Various speakers took the podium to release their frustrations with current events, describe their encounters with Collier County authorities and call for action within schools and police departments.
One notable speaker was Angela Cisneros, a paralegal for Collier for Dreamers, a group that helps immigrants. She laid out a five-part proposal to revamp the county’s sheriff’s department. Its tenets include amending union contracts to kick out corrupt officers, reallocating sheriff’s department funds, placing a moratorium on the memorandum of agreement that allows federal authorities to pick up immigrants in Collier County, removing confederate symbols and passing a resolution in support of the Equal Rights Amendment.
Last year, the county sheriff’s department took up 44 percent of the countywide budget, amounting to about $200 million. Cisneros and other speakers called for defunding the sheriff’s department.
”We are the change that we wish to see in the rest of our community and in the rest of the world,” said Cisneros.
After the rally ended around 7:30 p.m., protestors marched almost five miles north on Airport-Pulling Road, west on Davis Blvd, and northwest on US 41 to Fifth Avenue South in downtown. There were plenty of police officers, but no arrests.
Though protestors have been kept from entering the luxurious avenue in the past, they were allowed on Wednesday.
They chanted “No justice, no peace,” and “I can’t breathe,” as people who were having dinner or walking on the street watched in wonder. Unlike the first protest on June 1, there wasn’t a wall of officers clad in riot gear. Instead, police in uniform stood in front of various closed businesses.
The march reached its climax at around 9:30 p.m. when protestors crowded the intersection of Fifth Avenue and Ninth Street South.
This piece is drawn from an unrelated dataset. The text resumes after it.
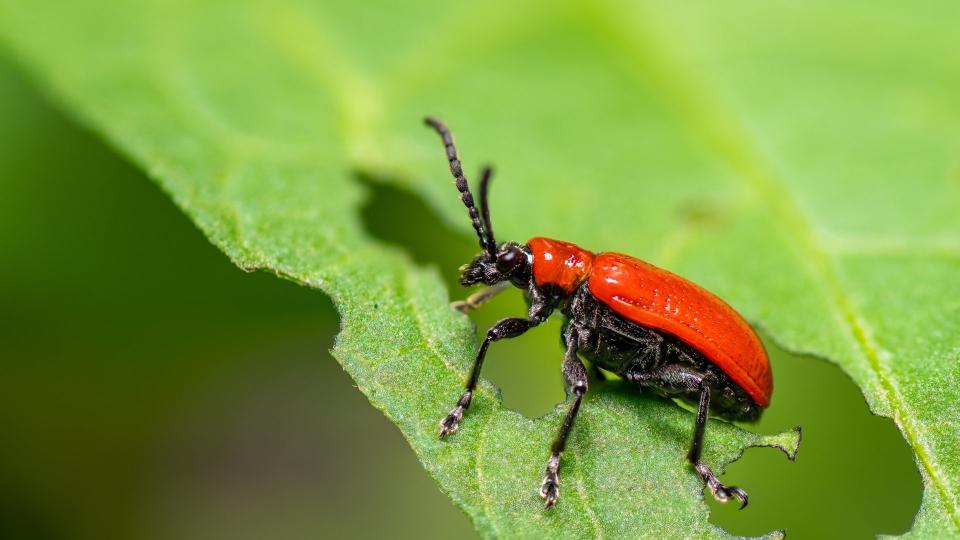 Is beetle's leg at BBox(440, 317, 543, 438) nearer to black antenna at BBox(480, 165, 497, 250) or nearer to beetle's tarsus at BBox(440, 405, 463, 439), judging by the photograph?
beetle's tarsus at BBox(440, 405, 463, 439)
Then members of the crowd stopped moving and were silent. Some laid on their stomachs with their hands behind their backs to mimic the position in which Floy died. Others knelt on one knee with a fist in the air. That lasted for eight minutes and 46 seconds, the same amount of time Minneapolis officer Derek Chauvin knelt on Floyd’s neck.
Dani Patarroyo-Avila was astounded to see the overwhelming support from her community. Avila’s hopeful that long-overdue change will come to Collier County.
“Those of us who grew up as minorities in this town have been discouraged or ignored for speaking out against systemic discrimination,” said Avila. “More than anything it was inspiring to realize we are not alone and that many of us don’t just dream of change.”